Former French department in Italy (1805–1814)

Gênes (/fr/) was a department of the First French Empire in present-day Italy. It was named after the city of Genoa. It was formed in 1805, when the Ligurian Republic (formerly the Republic of Genoa) was annexed directly to France. Its capital was Genoa.

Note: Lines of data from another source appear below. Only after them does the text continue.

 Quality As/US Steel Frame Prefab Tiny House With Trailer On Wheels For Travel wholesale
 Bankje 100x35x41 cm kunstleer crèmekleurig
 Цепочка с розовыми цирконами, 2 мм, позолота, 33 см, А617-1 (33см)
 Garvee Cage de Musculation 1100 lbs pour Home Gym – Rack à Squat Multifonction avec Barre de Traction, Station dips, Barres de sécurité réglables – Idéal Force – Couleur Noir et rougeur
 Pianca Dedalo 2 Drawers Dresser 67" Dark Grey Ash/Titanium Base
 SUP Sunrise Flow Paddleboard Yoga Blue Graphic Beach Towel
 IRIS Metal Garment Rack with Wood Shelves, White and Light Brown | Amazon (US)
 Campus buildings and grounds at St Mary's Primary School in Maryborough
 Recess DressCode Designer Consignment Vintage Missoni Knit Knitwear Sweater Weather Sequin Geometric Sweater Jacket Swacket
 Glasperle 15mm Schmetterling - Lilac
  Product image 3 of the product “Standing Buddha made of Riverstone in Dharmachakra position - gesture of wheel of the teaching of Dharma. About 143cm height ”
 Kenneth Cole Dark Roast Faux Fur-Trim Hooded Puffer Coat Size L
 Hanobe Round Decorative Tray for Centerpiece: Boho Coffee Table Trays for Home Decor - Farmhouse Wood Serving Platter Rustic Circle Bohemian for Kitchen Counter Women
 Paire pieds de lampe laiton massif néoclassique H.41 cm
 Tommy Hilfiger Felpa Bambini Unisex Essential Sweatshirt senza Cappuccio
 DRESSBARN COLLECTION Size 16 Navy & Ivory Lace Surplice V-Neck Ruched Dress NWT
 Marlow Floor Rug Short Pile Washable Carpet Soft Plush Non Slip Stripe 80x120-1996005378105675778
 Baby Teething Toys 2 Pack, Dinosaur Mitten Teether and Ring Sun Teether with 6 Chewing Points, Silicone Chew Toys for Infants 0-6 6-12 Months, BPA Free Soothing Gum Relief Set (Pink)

The department was disbanded after the defeat of Napoleon in 1814. It was followed by a brief restoration of the Ligurian Republic, but at the Congress of Vienna the old territory of Genoa was awarded to the Kingdom of Sardinia. Its territory is now divided between the Italian provinces of Genoa, Piacenza, Alessandria and Pavia.

==Subdivisions==

Coat of arms of the city of Genoa under the French Empire

The department was subdivided into the following arrondissements and cantons (situation in 1812):

- Genoa, cantons: Genoa (6 cantons), Rivarolo, Nervi, Recco, San Martino d'Albaro, San Quirico, Sestri Ponente, Staglieno, Torriglia and Voltri.
- Bobbio, cantons: Bobbio, Ottone, Varzi and Zavattarello.
- Novi, cantons: Novi, Gavi, Ovada, Rocchetta, Ronco, Savignone and Serravalle.
- Tortona, cantons: Tortona, Cassano Spinola, Castelnuovo Scrivia, San Sebastiano, Villalvernia and Volpedo.
- Voghera, cantons: Voghera, Argine, Broni, Casteggio, Codevilla, Sale, Silvano, Soriasco and Stradella.

Its population in 1812 was 400,056, and its area was 237,600 hectares.